I Was Looking at the Ceiling and Then I Saw the Sky ist ein Erdbeben ganz besonderer Art, ein Schmelztiegel von unterschiedlichsten Einflüssen und Begegnungen, es sei denn alles wird von ihm total zerschmettert! Die Zeugnisse (einschließlich des berühmten Satzes: „Ich schaute an die Decke und plötzlich sah ich den Himmel“) stammen von Personen unterschiedlicher Geschlechter, Kulturen und Klassen, deren Themen sich dann miteinander verflechten und den Lauf ihres Lebens verändern werden – es braucht ein Erdbeben um Menschen zu vereinen.
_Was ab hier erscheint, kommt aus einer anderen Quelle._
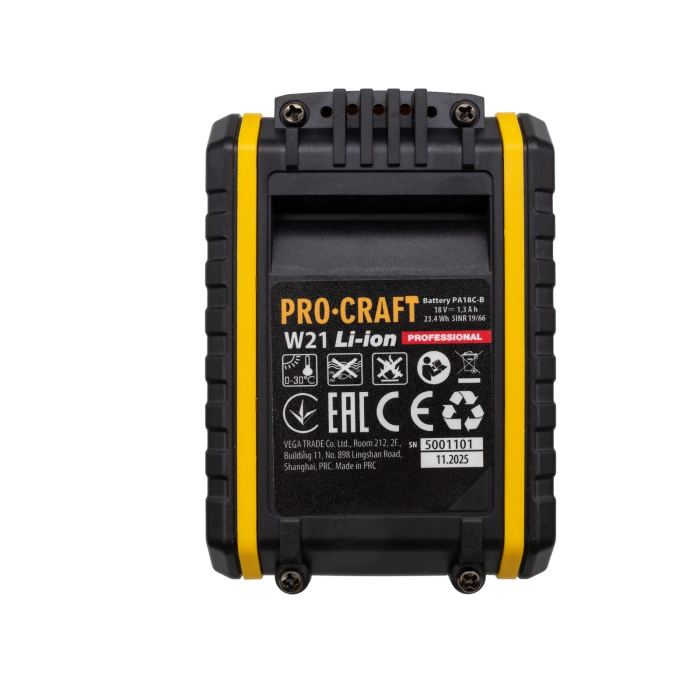 Acumulator Li-Ion PROCRAFT PA18C-B, 18V, 1.3 Ah [4]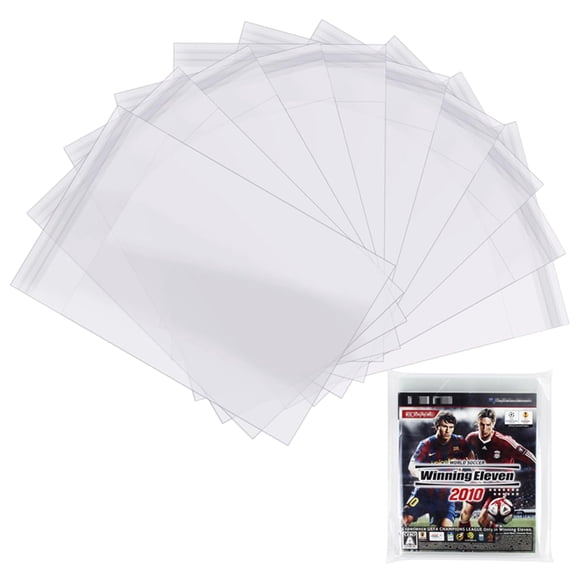 Fundas plásticas resellables ASTONEY de 100 unidades para caja de juego de PS3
Die repetitive Musik, die Adams sehr ans Herz gewachsen ist, wird mit einem Rock-Instrumentarium kombiniert und neigt ebenso zur seriösen Musik wie auch zur Musikalischen Komödie. Damit markiert das Werk einen Wendepunkt in seiner Karriere: Über dieses sogenannte Konzeptalbum von progressivem Rock in zwei Akten und etwas mehr denn zwanzig Songs ermöglichte es dem Komponisten, opulente Oratorien wie El Nìño (2000) oder minimalistische Musik wie Phrygian Gates für Klavier (1977) zu komponieren. Und somit auch ein breiteres Publikum zu erreichen sowohl durch seine Thematik als auch durch seine Partitur!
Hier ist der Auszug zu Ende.